Salah satu hal yang akan aku periksa sebelum keluar rumah adalah melihat apakah ada orang gila yang bertengger di pos ronda dekat rumah. Masih jelas terngiang dalam ingatan saat itu pukul 06.00 pagi. Matahari sudah mulai sempurna akan sinarnya. Ibu tengah bersiap keluar rumah untuk membeli nasi uduk.
"Sal, umi keluar duluan ya beli nasi uduk" tukasnya.
"Nanti salma kalau mau ikut nyusul aja" tambahnya.
"Iya, mi" jawabku.Â
Saat aku keluar rumah dan berjalan sekira tiga puluh meter, kudapati seorang wanita paruh baya berbaju merah, berambut putih yang kukenali sebagai teman ngaji ibuku. Perempuan itu mengajakku berjalan bersamanya. Digenggamnya tangan mungil ini, dengan raut wajah polos ku ikuti langkah kakinya tanpa ragu karena ingin segera menemui ibu.
Sepanjang perjalanan, rasa heran menghampiriku sebab banyak pasang mata mengarah pada aku dan orang yang kukira teman ibu.
"Kenapa orang pada ngeliatin aku ya, ada yang bisik-bisik lagi" batinku keheranan.
Sampailah kami pada sebuah warung nasi uduk. Kali pertama aku menginjakkan kaki di warung itu dan tak kudapati ibu disana. Aku masih belum mengerti tentang situasi yang tengah menghampiriku saat itu, hingga teriakan ibu yang memiliki warung tersebut datang.
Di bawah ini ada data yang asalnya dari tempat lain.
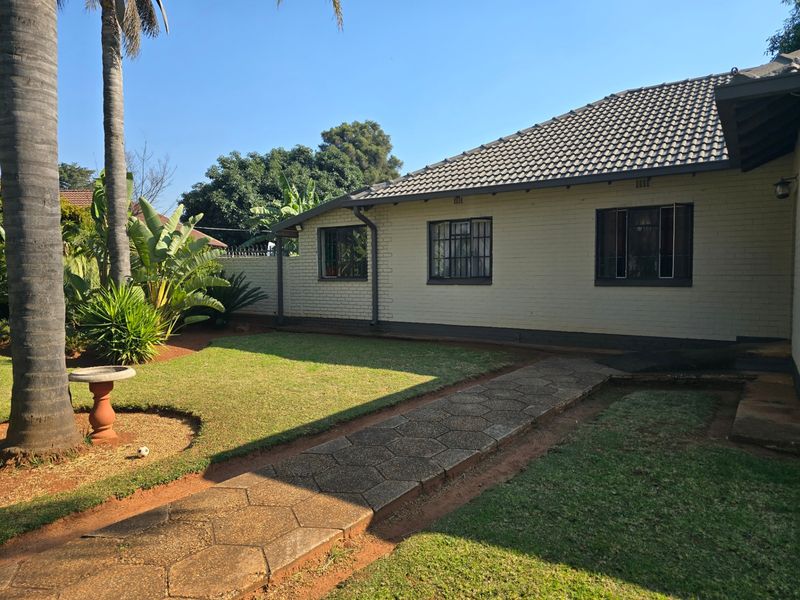 A well-maintained rear exterior view of the house featuring a brick facade, tiled roof, and a paved walkway leading through the garden.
"Eh Maria!! anak siapa ini yang lu bawa" bentak ibu pemilik warung.
"Anak gue, ini gue minta nasi buat anak gue ya" jawabnya santai.
Barulah aku tersadar ada yang tidak wajar dengan wanita yang ku kira sebagai teman ibuku ini. Beberapa menit setelah itu ku dengar teriakan anak laki-laki dari balik pintu warung nasi.